**Task input**

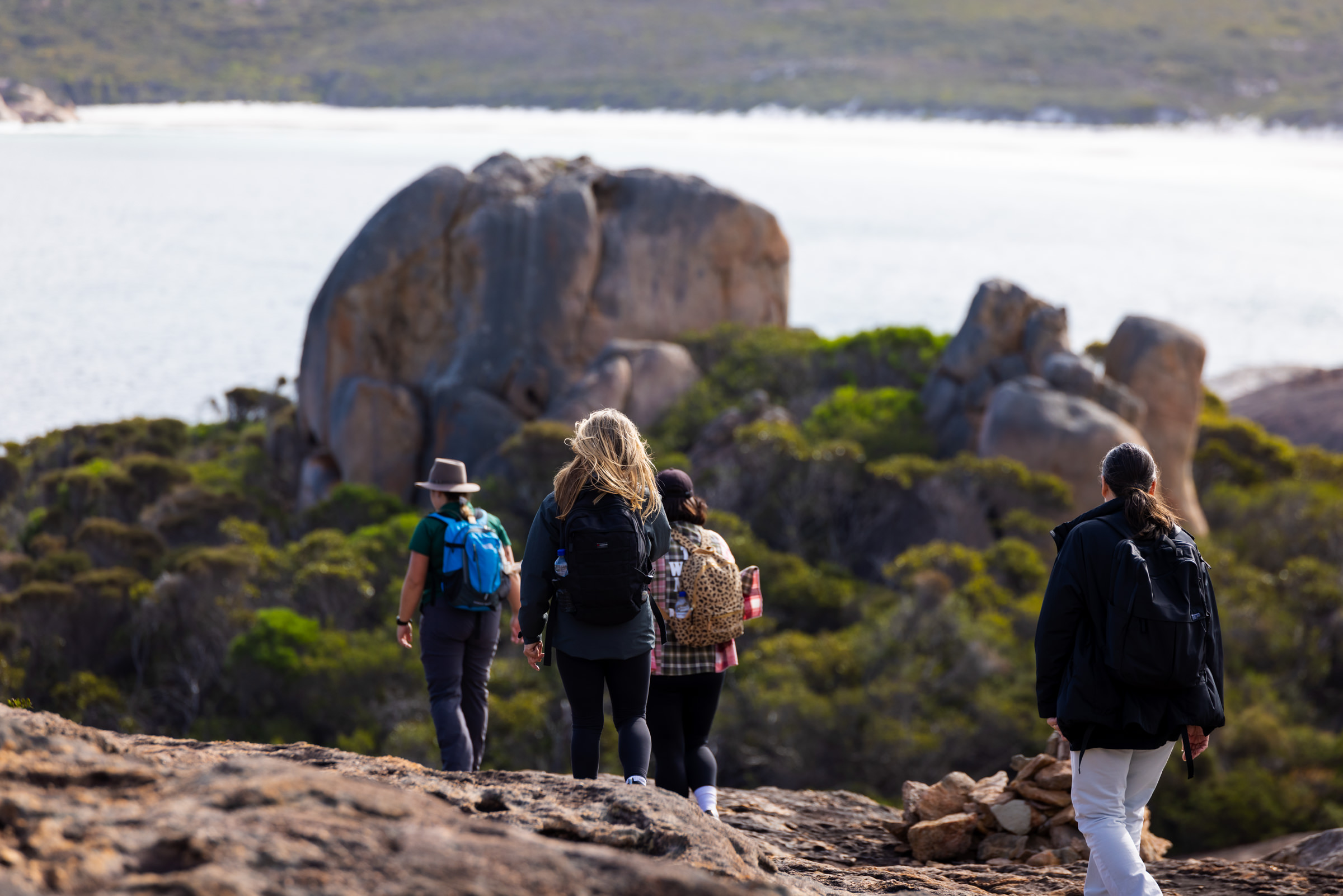 Group hiking experience in Esperance Western Australia with coastal views and granite rock formations
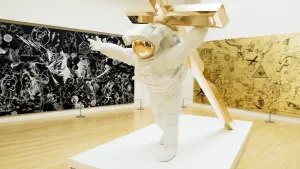 Foto van scène uit het Klokhuis in museum met kunstwerk: een astronaut die een gouden kruis draagt op zijn rug.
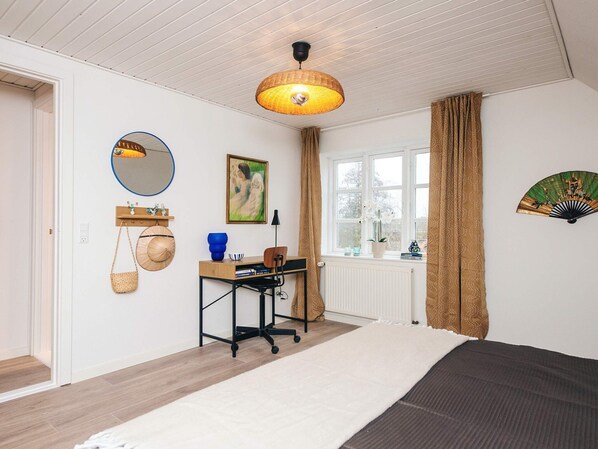 Une chambre à coucher avec un lit, un bureau avec une chaise, une fenêtre avec des rideaux, un ventilateur fixé au mur, un miroir et un tableau.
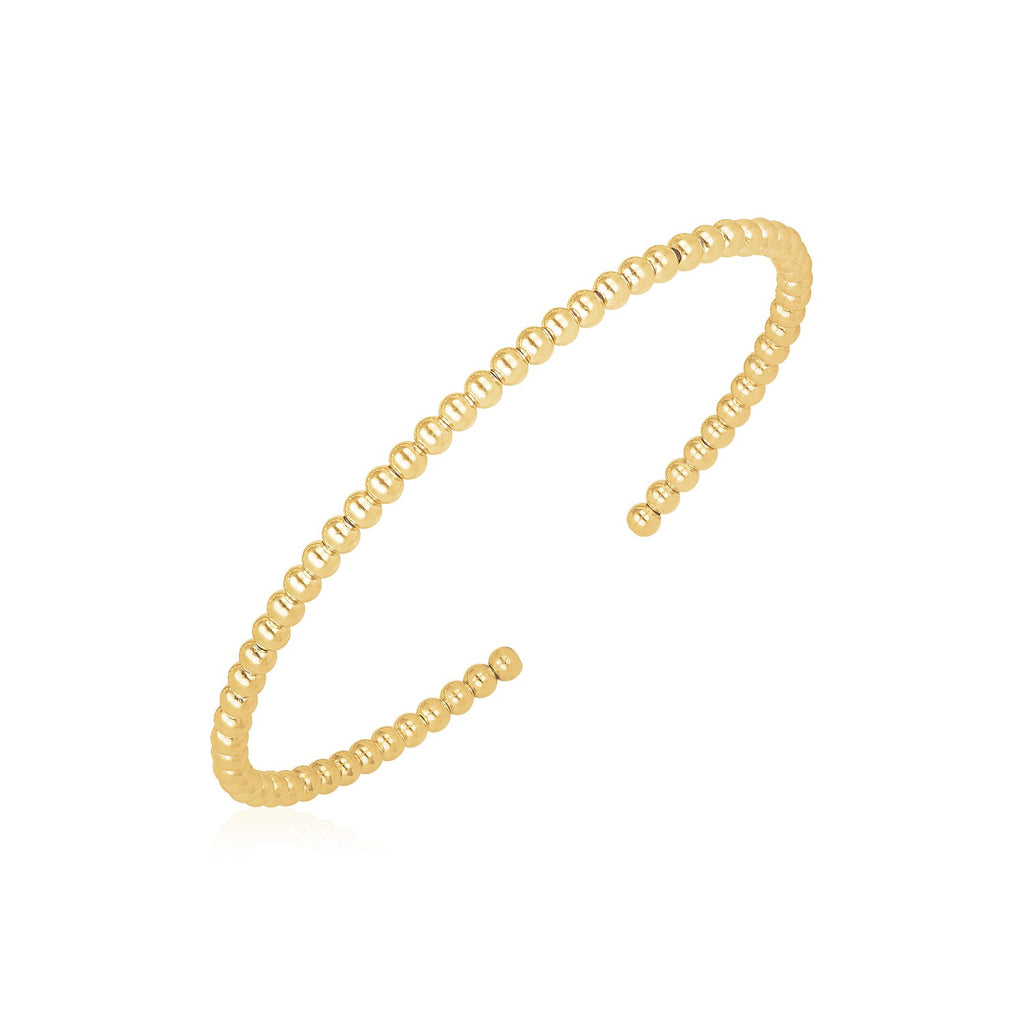 14k yellow gold high polish bead cuff bangle, modern design with luxurious shine, perfect for elegant stacking.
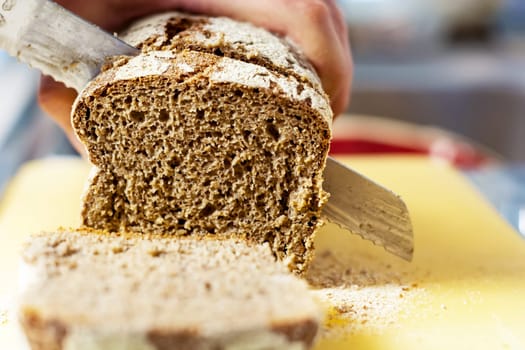 Slicing fresh rye bread with a big knife in a a domestic kitchen. Healthy food and source of fiber. Bakery product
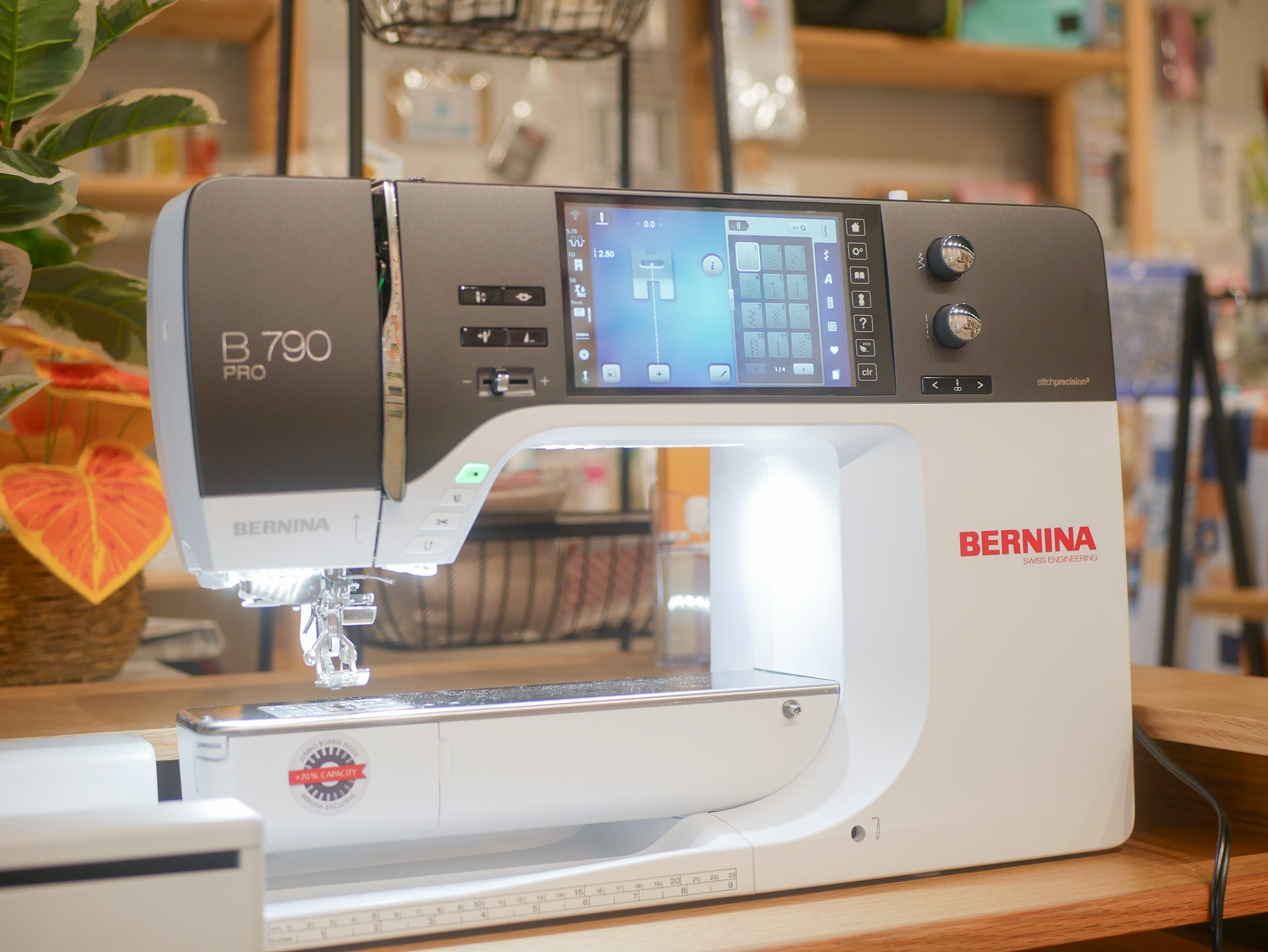 Bernina sewing machine on a wooden surface with a blurred background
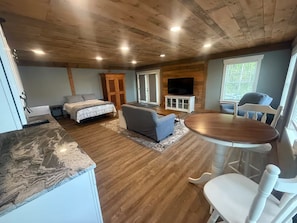 Ein geräumiges Zimmer mit Holzbalkendecke, einem Esstisch mit Stühlen, einer Couch und einem Fernseher.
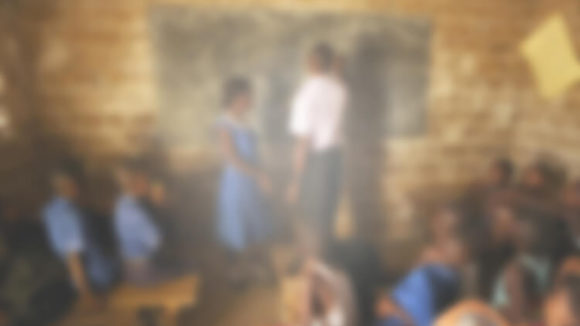 En oskarp bild av ett klassrum i Sierra Leone. Bilden är suddig och otydlig med en vitaktig nyans. Det är svårt att urskilja läraren och svarta tavlan.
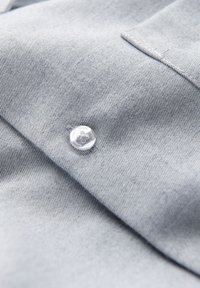 Gros plan sur un tissu gris clair avec un bouton cousu et un bord plié, montrant la texture et le détail du textile.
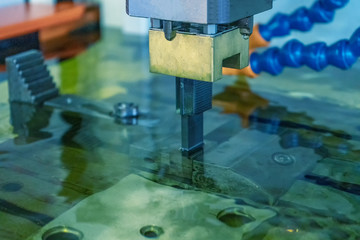 EDM Machine in runing working on job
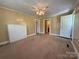 Cozy living room featuring a white brick fireplace and neutral carpeting at 4787 Rock Barn Rd, Claremont, NC 28610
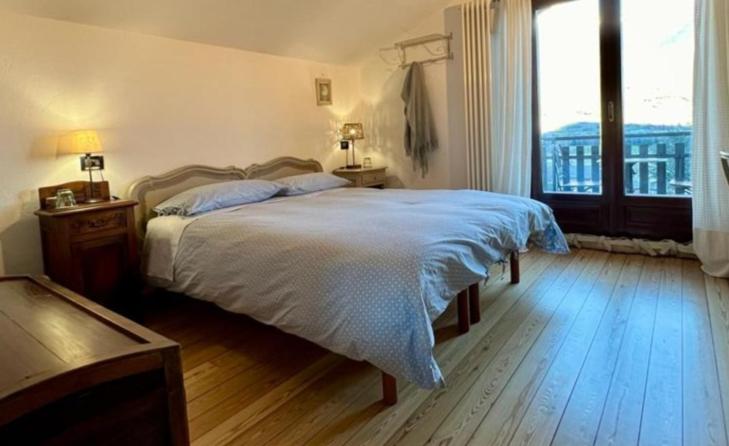 a bedroom with a bed and a large window at Lo noú in Aosta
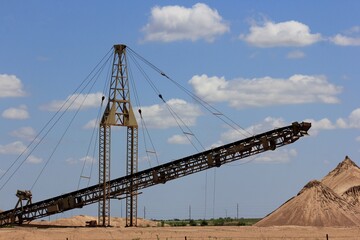Kansas Sand Pit with a sand conveyer, blue sky, and white clouds in Hutchinson Kansas USA. That's bright and colorful.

**Prompt**
All that is needed here is the run of lines from the one containing "a bedroom with" through the end of the material above, reproduced exactly and without pictures.

**Reply**
 a bedroom with a bed and a large window at Lo noú in Aosta
Kansas Sand Pit with a sand conveyer, blue sky, and white clouds in Hutchinson Kansas USA. That's bright and colorful.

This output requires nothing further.